===== PROVIDED ENTRIES

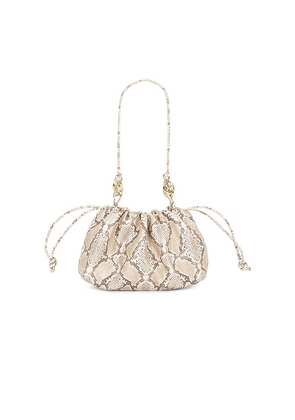 Loeffler Randall Kiri Embossed Snake Leather Bag in Neutral.
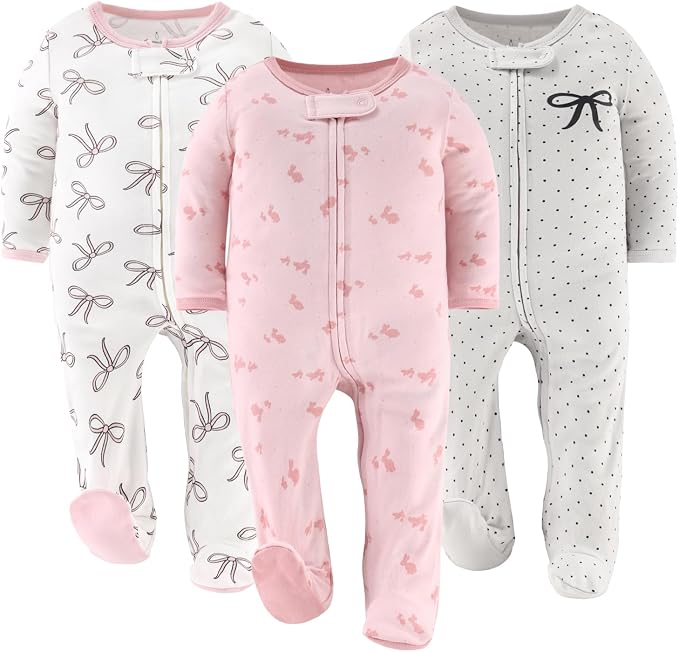 The Peanutshell Baby Sleepers for Girls Set of 3 by ThePeanutshell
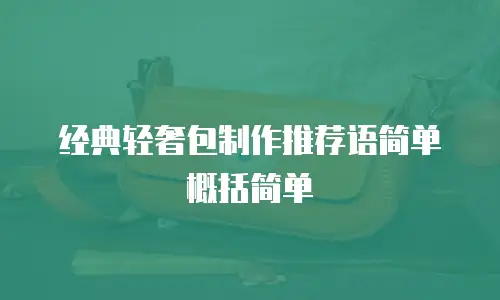 经典轻奢包制作推荐语简单概括简单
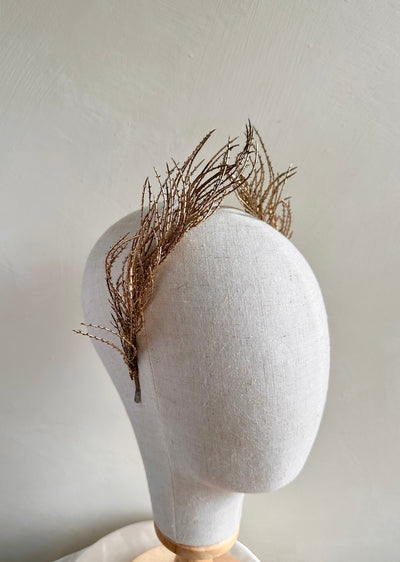 Handmade gold wheat hairpiece headband with delicate sprigs for girls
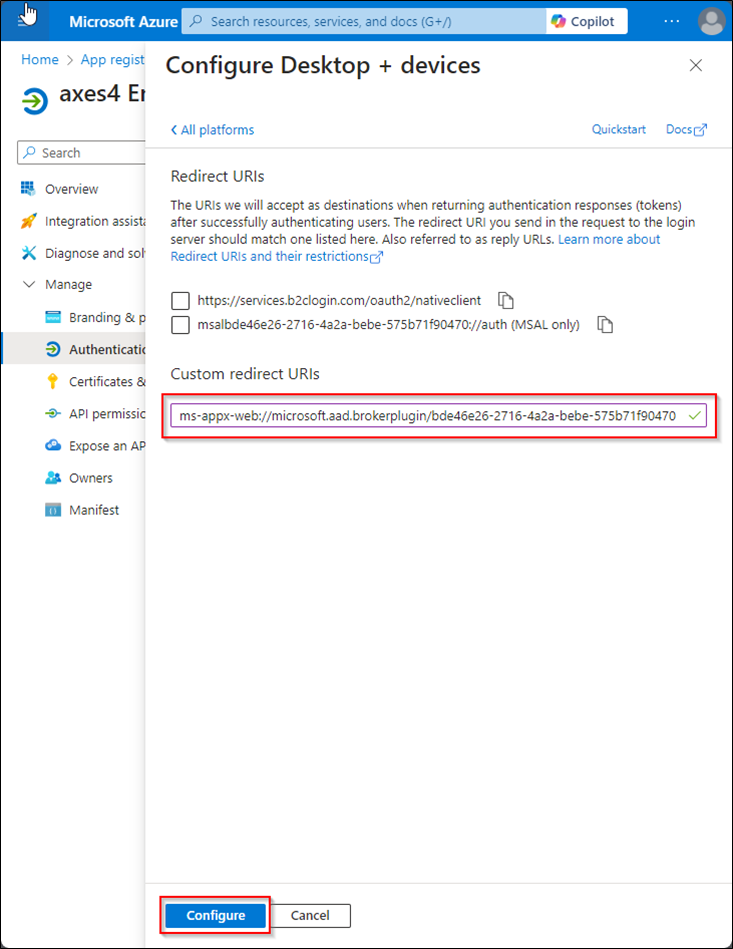 Screenshot of the Azure portal. In the Configure Desktop + devices widget, the Custom redirect URIs text box is highlighted.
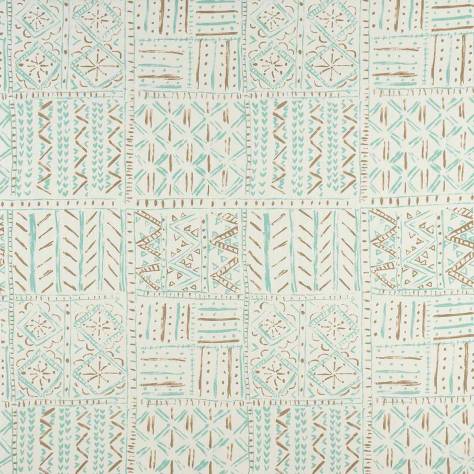 Nina Campbell Ashdown Fabrics Cloisters Fabric - Aqua / Taupe / Ivory - NCF4361-02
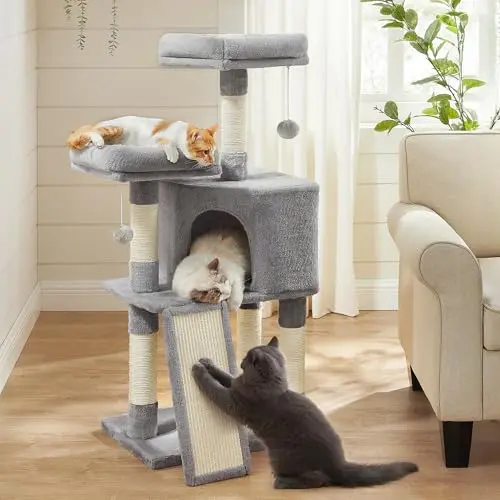 Feandrea 45.3-inch light gray cat tower with a scratching ramp and spacious cave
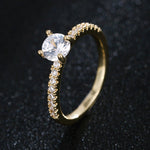 Circle Design Cute Gold Ring With Four Claws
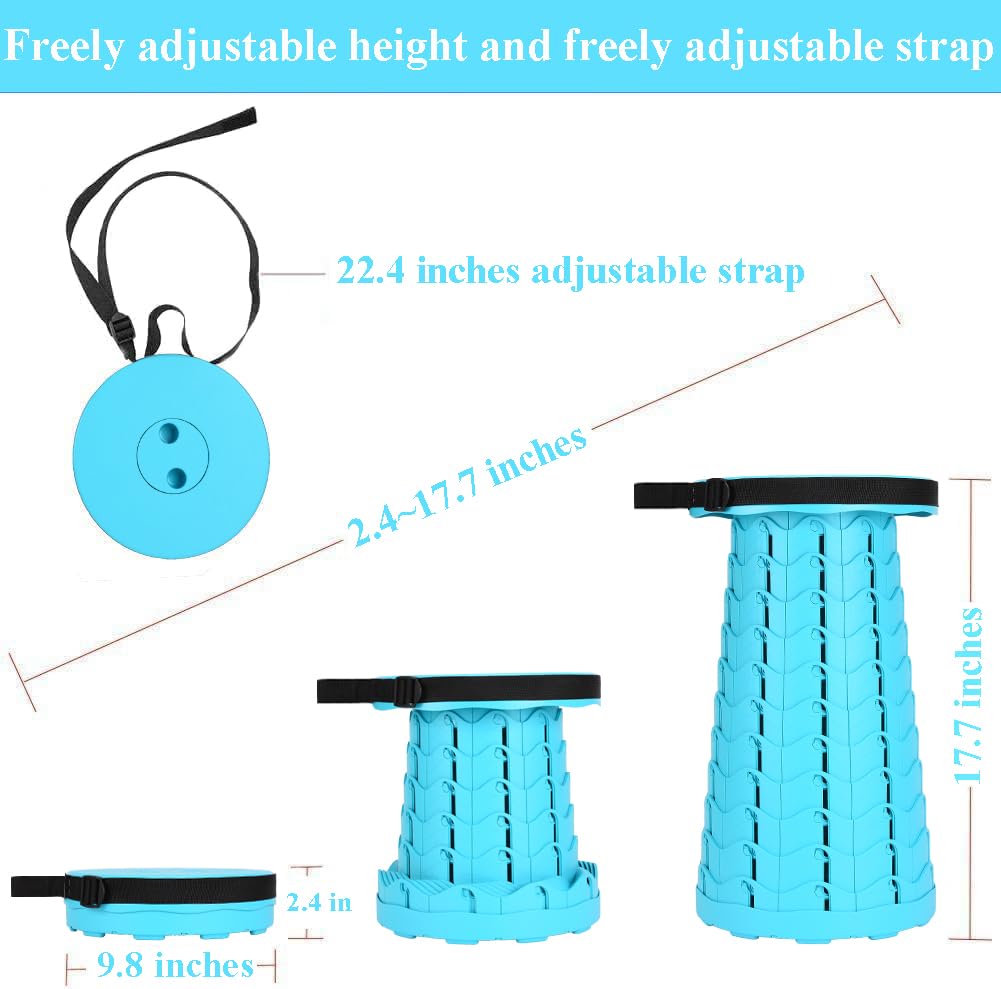 Fishboy Upgraded Collapsible Stool, 400lbs Max Weight, Lightweight But Sturdy, Portable Retractable Folding Telescoping Foldable Camping Stool for Adults Outdoor Fishing Hiking BBQ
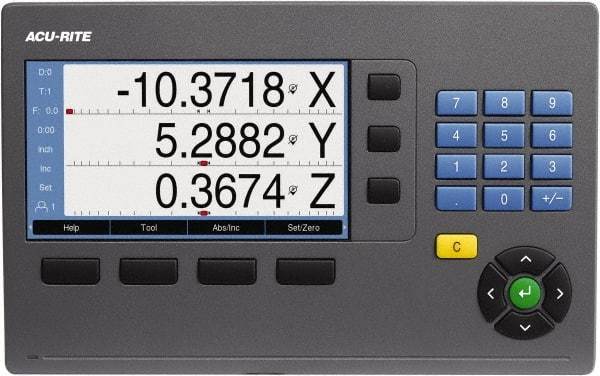 Acu-Rite - 2 Axis, 10" X-Axis Travel, 52" Y-Axis Travel, Lathe DRO System - 5µm Resolution, 5µm Accuracy, LCD Color Display - Americas Tooling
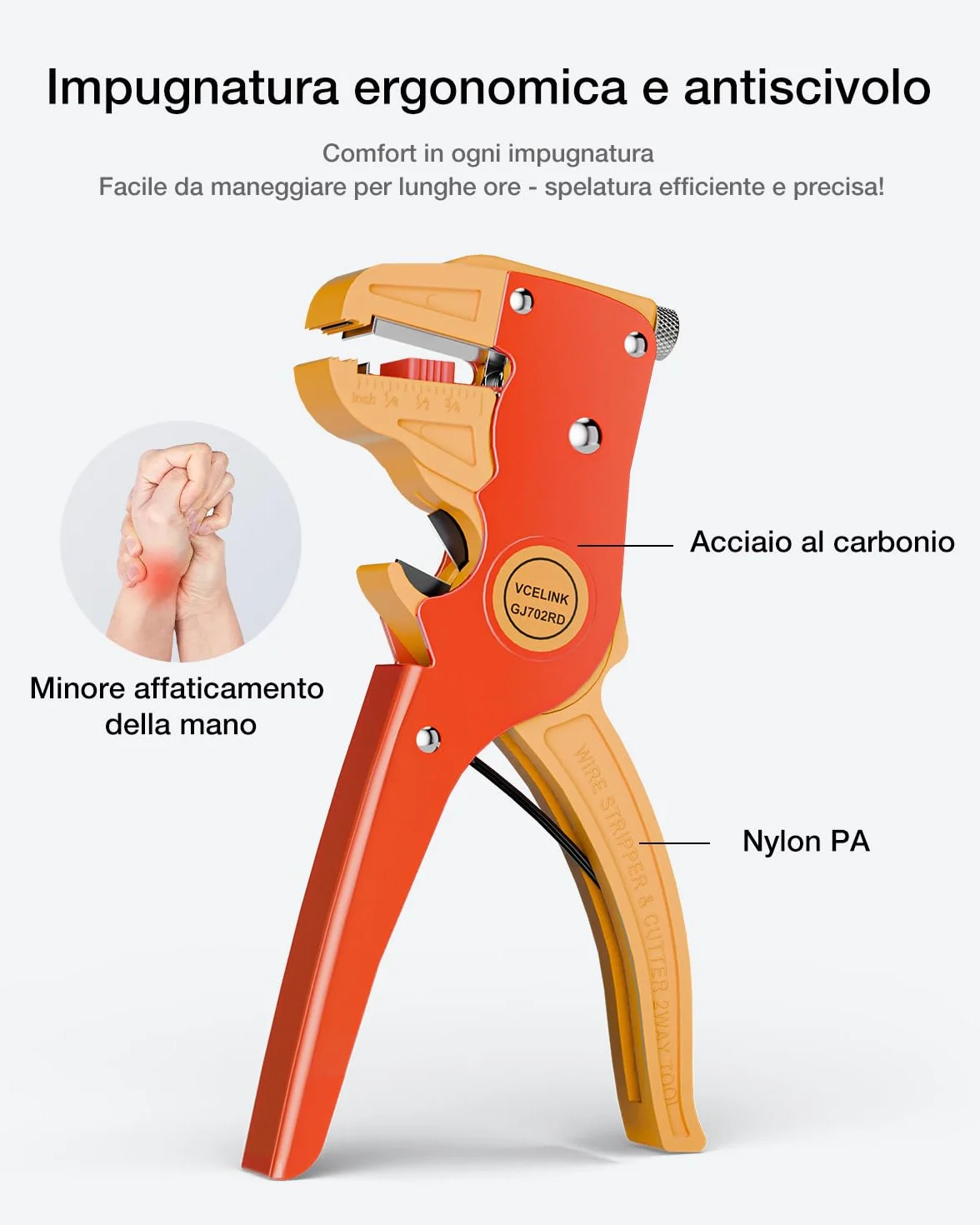 VCELINK Pinza Spelafili Automatica 2 in 1 Lama Mn65 Spelatura 0,2-6 mm² Taglio 0,08-8 mm Rosso/Arancione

==========

## ASSIGNMENT
Return the records exactly as they stand, and drop every picture.

## EXERCISE OUTPUT
 Loeffler Randall Kiri Embossed Snake Leather Bag in Neutral.
 The Peanutshell Baby Sleepers for Girls Set of 3 by ThePeanutshell
 经典轻奢包制作推荐语简单概括简单
 Handmade gold wheat hairpiece headband with delicate sprigs for girls
 Screenshot of the Azure portal. In the Configure Desktop + devices widget, the Custom redirect URIs text box is highlighted.
 Nina Campbell Ashdown Fabrics Cloisters Fabric - Aqua / Taupe / Ivory - NCF4361-02
 Feandrea 45.3-inch light gray cat tower with a scratching ramp and spacious cave
 Circle Design Cute Gold Ring With Four Claws
 Fishboy Upgraded Collapsible Stool, 400lbs Max Weight, Lightweight But Sturdy, Portable Retractable Folding Telescoping Foldable Camping Stool for Adults Outdoor Fishing Hiking BBQ
 Acu-Rite - 2 Axis, 10" X-Axis Travel, 52" Y-Axis Travel, Lathe DRO System - 5µm Resolution, 5µm Accuracy, LCD Color Display - Americas Tooling
 VCELINK Pinza Spelafili Automatica 2 in 1 Lama Mn65 Spelatura 0,2-6 mm² Taglio 0,08-8 mm Rosso/Arancione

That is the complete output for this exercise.